----- Original Message -----
From: "Bruce Moomaw" <[EMAIL PROTECTED]>
To: "Europa Icepick" <[EMAIL PROTECTED]>
Sent: Tuesday, October 22, 2002 8:15 AM
Subject: Re: Icepick


>
> ----- Original Message -----
> From: "Christlieb, Scott F." <[EMAIL PROTECTED]>
> To: <[EMAIL PROTECTED]>
> Sent: Tuesday, October 22, 2002 7:01 AM
> Subject: Icepick
>
>
> >
> > I signed up to receive e-mail that pertained to the Icepick project. So
> far,
> > all I have received are messages about dismantling Mars using nano
> > technology and a couple of other unrelated E-mails.
> >
> > I'm really interested in the Icepick project and would like to know much
> > more. I'm not a scientist and I don't have a ton of college degrees.

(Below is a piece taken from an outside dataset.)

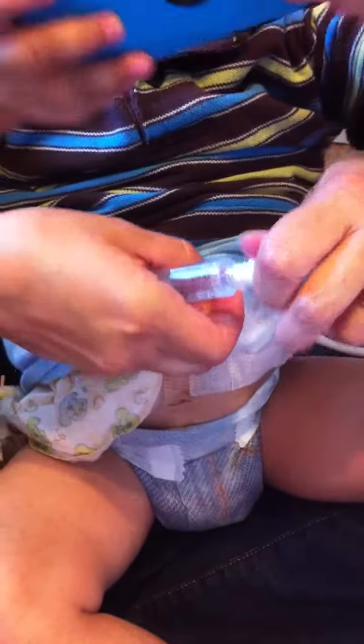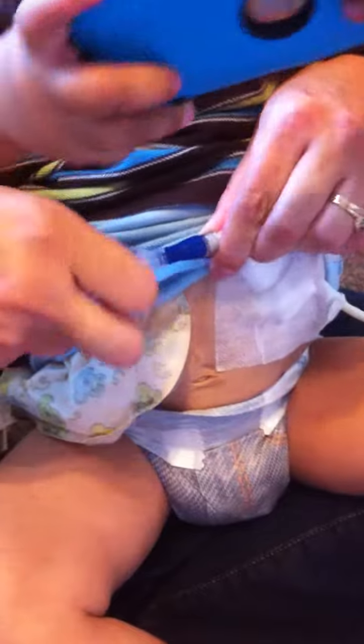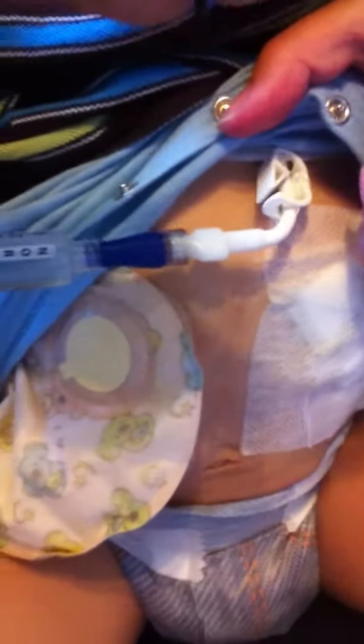Then flush with five mls. Unclamp his Broviac, right here. My tape made this difficult.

But
I
> > do have a great imagination and about 20 years of technology experience.
> >
> > What work is currently being done?
> > How far away are you from making Icepick a
> > reality?
> > Who are the key players?
> > How can I get involved?
> _______________
> Give me a few more hours, and I'll track down a very informative list of
> Websites for you on these subjects.

Well, it took more than a few hours for me to get around to this, but here
it is.

Unfortunately, the very best detailed document on JPL's current design for a
Cryobot isn't yet on the Web:
"Cryobot: An Ice Penetrating Robotic Vehicle for Mars and Europa", by Wayne
Zimmerman, Robert Bonitz and Jason Feldman -- but it can be found in print
in the proceedings of the 2001 IEEE Aerospace Conference.  Zimmerman,
however, provides a nice capsule summary of the JPL Cryobot's design in his
1999 document "Europa: Extreme Communication Technologies for Extreme
Conditions" ( http://techreports.jpl.nasa.gov/1999/99-2051.pdf ); and Frank
D. Carsey -- another of JPL's prime reserachers on this subject -- has a
good overview of the overall problem in his piece "Exploring Europa's Ocean:
A Challenge for Marine technology of This century" (
http://techreports.jpl.nasa.gov/2000/00-0221.pdf ).  Be warned, however,
that for some reason these last two papers -- along with a few of the others
in JPL's  Technical Reports file -- are stored in a format which is
remarkably hard to print out; don't try to print more than 1 or 2 pages of
them at a time or your computer's memory is likely to overload, and be
prepared to wait for a while.  Also, there's a seminal 1997 JPL Technical
Paper on the overall subject of Europa exploration strategy -- "Searching
for Ice and Biogenic Activity on Europa and Earth"
http://techreports.jpl.nasa.gov/1997/97-0522.pdf ) -- which doesn't have
that problem.

A very good source for PDF papers on the overall problem of designing Europa
exploration missions is JPL's October 2000 workshop on the subject, which
can be found at http://sse.jpl.nasa.gov/future/europa/pdfs .  For some
reason the table of contents for this workshop has been taken off the net.
They're all useful, but those by Carsey, Mahaffy, McKinnon, Tamppari and the
longer of the two pieces by Zimmerman are likely to be most useful to you.
(This workshop dealt more with the overall problem of designing good
scientific lander missions, such as picking the best science payload.)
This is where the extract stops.